Tube Investments FY26 Results: Consolidated Revenue Surges, Standalone Profit Dips on Accounting Adjustments
Tube Investments of India Ltd. has reported strong financial results for the fiscal year ended March 31, 2026, with consolidated revenue climbing significantly. The company's consolidated revenue grew by 17.38% to ₹22,847.43 crore for FY26. Consolidated Profit After Tax (PAT) for the year stood at ₹1,118.22 crore.
During the fourth quarter (Q4 FY26), consolidated revenue saw an even sharper increase of 20.68% year-on-year, reaching ₹6,214.74 crore.
Standalone Profit Declines Due to Non-Cash Items
However, on a standalone basis, Tube Investments reported a substantial drop in PAT, falling 36.19% to ₹827.35 crore for FY26. This sharp decline was primarily driven by a significant reduction in non-cash gains, specifically a lower valuation of Compulsorily Convertible Preference Shares (CCPS) in a subsidiary. The fair value gain on CCPS in subsidiaries decreased from ₹569.00 crore in FY25 to ₹6.80 crore in FY26, an accounting adjustment rather than an operational performance issue.
CG Power Boosts Group Finances
The company's consolidated figures reflect the overall strength of its group operations, notably bolstered by its subsidiary CG Power and Industrial Solutions Ltd. CG Power's successful Qualified Institutional Placement (QIP) in July 2023, which raised approximately ₹3,000 crore, significantly strengthened the group's consolidated net worth. This capital infusion enhanced the group's financial stability and its capacity for future expansion. The statutory auditors provided an unmodified opinion on the financial results, confirming the accuracy of the reported figures.
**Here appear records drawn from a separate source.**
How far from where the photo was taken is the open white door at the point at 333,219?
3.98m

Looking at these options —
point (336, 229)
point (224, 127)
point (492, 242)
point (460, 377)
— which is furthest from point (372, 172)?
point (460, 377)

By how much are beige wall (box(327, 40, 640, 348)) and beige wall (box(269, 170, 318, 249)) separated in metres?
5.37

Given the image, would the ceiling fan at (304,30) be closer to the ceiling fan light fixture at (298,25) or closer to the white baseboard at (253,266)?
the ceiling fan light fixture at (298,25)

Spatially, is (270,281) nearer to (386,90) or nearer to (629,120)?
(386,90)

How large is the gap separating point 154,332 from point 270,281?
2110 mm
Shareholder Returns and Outlook
Tube Investments recommended a final dividend of ₹1.50 per share for FY26, bringing the total dividend for the year to ₹3.50 per share. This reflects a continued commitment to shareholder returns.
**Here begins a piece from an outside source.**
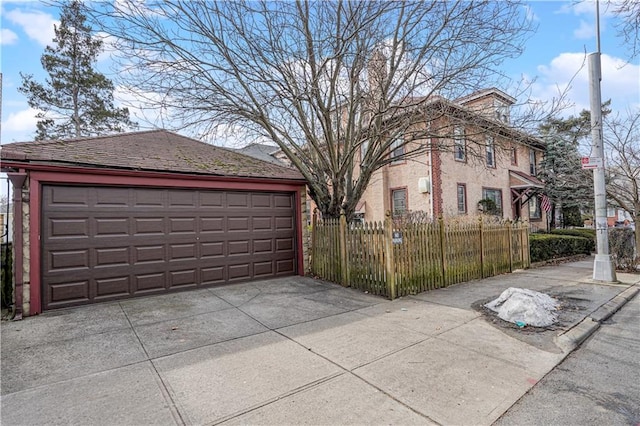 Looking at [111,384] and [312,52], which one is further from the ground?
[312,52]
Investors are advised to focus on the group's consolidated performance and strategic capital management, rather than the volatile standalone profit figures, which are affected by accounting adjustments. The company's diverse business segments are expected to drive growth through organic expansion and strategic financial planning.
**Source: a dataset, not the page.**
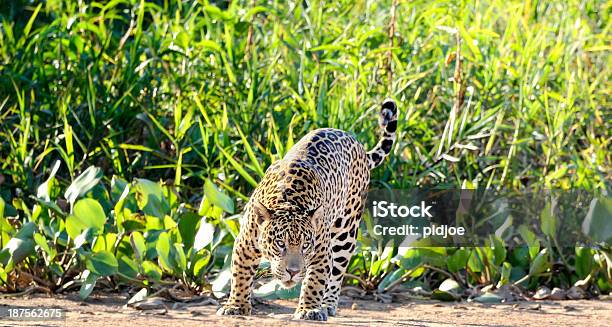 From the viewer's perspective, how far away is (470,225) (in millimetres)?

Key Risks and Peer Landscape
While the consolidated performance is strong, the significant year-on-year drop in standalone PAT, attributable to non-cash accounting, could impact investor sentiment. Additionally, incremental liabilities of ₹7.75 crore recognized due to new labor codes represent ongoing compliance requirements.
In its operational segments, particularly industrial automation and electrification through CG Power, Tube Investments competes with global players like Siemens India and ABB India. These peers also demonstrate strong revenue growth driven by infrastructure and digitalization trends.
What to Watch Next
Looking ahead, investors will monitor the future performance of CG Power and its contribution to the group's overall results. The company's strategy for managing standalone profitability amidst fluctuating non-cash gains, alongside broader economic indicators affecting its industrial and automotive component businesses, will also be key. The successful execution of growth strategies following CG Power's capital infusion remains a focus.